J'aime quand les maisons d'édition exhument des romans tombés plus ou moins dans l'oubli, d'auteurs qui le sont tout autant. C'est le cas de ce polar américain sorti en 1964, et ça valait le coup.
Toussaint Moore reprend du service comme détective privé, il a besoin d'argent pour accueillir son premier enfant. Il est envoyé au Mexique auprès d'une jeune veuve qui veut prouver que son mari, journaliste d'investigation, a été assassiné par le célèbre matador qui torée sous le nom d'el Indio.
L'intrigue est très habilement construite, l'enquête se révélant bien plus périlleuse et éprouvante que prévue, d'autant que Toussaint ne parle pas espagnol, n'a aucun statut légal au Mexique ni contact. Tout en disséminant de nombreuses scènes d'actions portées par un rythme vif et une écriture très visuelle,
Ed Lacy prend le temps de poser ses personnages en leur apportant un supplément d'âme grâce à une caractérisation soignée : Toussaint est très attachant, puissant colosse animé par une réelle éthique et une sensibilité qui le tourmente lorsqu'il pense à son rôle de futur père ; mais aussi les deux personnages féminins très réussies qui renversent les clichés de la femme fatale, chacune à leur manière.

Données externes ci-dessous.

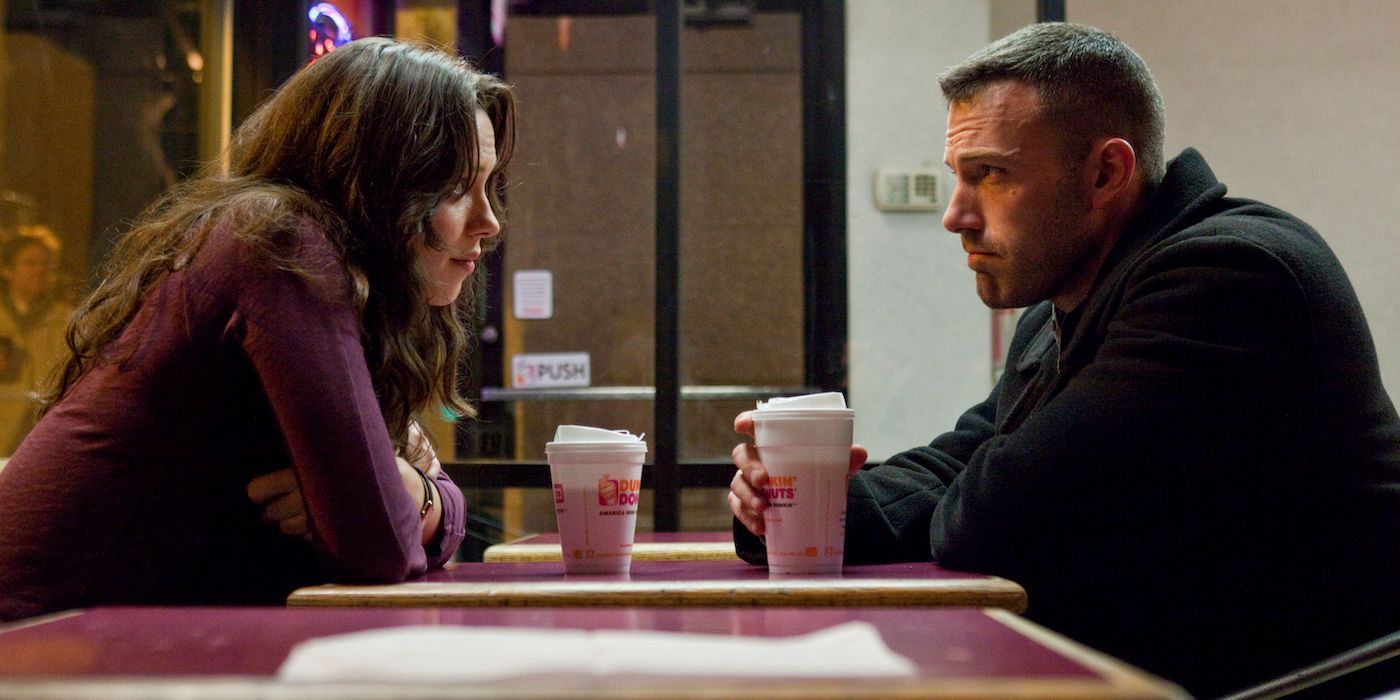 Ben Affleck and Rebecca Hall sitting in a Dunkin' in The Town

Ed Lacy est un auteur au profil atypique, de son vrai nom Leonard Zinberg ( 1911-1968 ) : juif communiste marié à une Afro-américaine, vivant à Harlem, progressiste, militant des droits civiques, victime du maccarthysme. Son Toussaint Moore est le premier détective privé noir, forcément il détonne parmi ses collègues blancs de littérature. Une façon pour l'auteur d'aller plus loin dans la critique sociale et politique, au plus près de l'essence même du roman noir.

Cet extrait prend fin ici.